Overview of generative models¶

Normalizing Flows¶

Normalizing Flows (NFs) (Rezende & Mohamed, 2015) learn an invertible mapping from an (easy) latent/base/source distribution to a given data/target distribution.

Example from `flowtorch`¶

We take the circles dataset as the target distribution $X$ which we want to learn.

In [2]:

n_samples = 1000
target_data, _ = datasets.make_circles(n_samples=n_samples, factor=0.5, noise=0.05)
target_data = StandardScaler().fit_transform(target_data)

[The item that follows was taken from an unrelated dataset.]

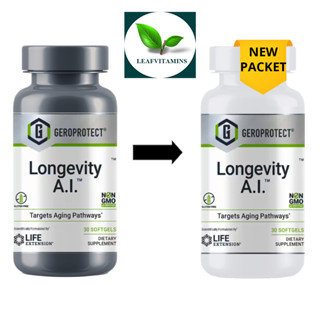 Life Extension GEROPROTECT Longevity A.I./ 30 Softgels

plt.scatter(target_data[:,0], target_data[:,1], alpha=0.5)
plt.show()

Let us take a standard normal as a latent distribution.

In [3]:

latent_dist = torch.distributions.Independent(torch.distributions.Normal(torch.zeros(2), torch.ones(2)), 1)

latent_data = latent_dist.sample(torch.Size([1000,])).detach().numpy()
plt.scatter(latent_data[:,0], latent_data[:,1], color=sns.color_palette()[1], alpha=0.5)
plt.show()

Now we map samples from the base distribution through a neural network and look at the output.

In [4]:

bijector = bijectors.SplineAutoregressive()
transformed_dist = distributions.Flow(latent_dist, bijector)

data = transformed_dist.sample(torch.Size([1000,])).detach().numpy()
plt.scatter(data[:,0], data[:,1], color=sns.color_palette()[2], alpha=0.5)
plt.show()

Let us optimize the neural network by maximing the log-likelihood of the data samples.

In [5]:

dataset = torch.tensor(target_data, dtype=torch.float)
optimizer = torch.optim.Adam(transformed_dist.parameters(), lr=5e-3)
for step in range(2000):
    optimizer.zero_grad()
    loss = -transformed_dist.log_prob(dataset).mean()
    loss.backward()
    optimizer.step()
    
    if step % 500 == 0:
        print('step: {}, loss: {}'.format(step, loss.item()))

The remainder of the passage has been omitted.